Back in 2015, newly single and hoping to find the man I will eventually marry (still working on that), I was browsing dating websites like they were facebook, painstakingly reading countless profiles for anyone who vaguely suited my set of preferences. I was young and naive but thought I was ready for the bigger things in life. Silly 22 year old me.

Anyway, one day, a few weeks before Christmas, a dude messaged me. I browsed his profile, analysed all his photos and decided to give him a chance. The first 2 dates were OK but there wasn’t much chemistry between us. That became all the more clear on date number 3.

On the morning of our third date, I was getting ready for what I thought was going to be a nice walk around a local park with this guy and his dog. It sounded like a good bonding opportunity and something I desperately needed as I was becoming very aware of the lack of ‘spark’ between us.
During the drive to pick me up, this guy had had a sudden change of plan. He decided that we should go to his house and watch a movie instead. I was made aware of the plan change once he had already picked me up…
I wasn’t exactly thrilled nor am I the type of person to ‘Netflix and chill’ that quickly into knowing someone. My day got progressively worse from there.

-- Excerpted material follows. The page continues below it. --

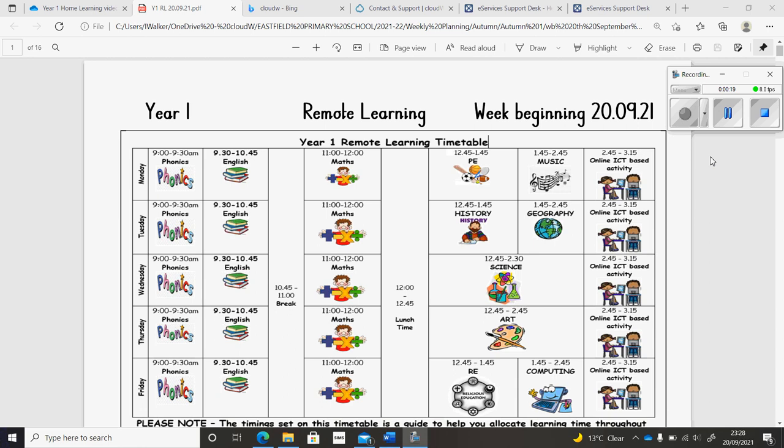In maths, we'll continue working with counting and exploring ways in which you can represent numbers so that counting is accurate.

The guy hadn’t told me that he was still living at home with his parents so once he opened his front door, both his mum and dad were there. His mum hugged me, offered me food, I politely declined before being abandoned in the hallway while everyone else went into the kitchen. It was the longest minute of my life and there was a distinct lack of photos or art work on the walls to provide me with at least a little entertainment.
Once the dude returned, we headed upstairs to his bedroom…

…Wow…

…I walked into a bedroom that could have equally belonged to a teenage boy, not someone a year older than me. Clothes had been thrown across the floor, a stack of plates were towering over his computer and the room just stank of stale boy. It was very obvious that this guy hadn’t thought about inviting me around until the moment he drove away from this pigsty. Being a little taken back, I sat on his bed while he flicked through the movies, pre-downloaded on his PS3.

That’s when I noticed it.

Right in the middle of his grey duvet cover was a huge, the size of a grapefruit huge, ketchup stain. Now call me high maintenance but if you invite a girl over to your house, you might want to change your bed sheets first!
He had picked The Hunger Games to watch. Great, two and a half hours of avoiding this stain. As the movie played on, the guy put his arm around me and invited me in for a cuddle. I was so rigid, not really wanting to be there and trying to avoid this stain which I had managed to curl my body around.
We stayed like that for a little bit until his mum strolled in and asked him if he wanted anything to eat, I quickly jumped up, which probably made me look more suspisious. He asked for some sausage rolls. No one asked me if I wanted anything, seemingly having learned from our previous encounter.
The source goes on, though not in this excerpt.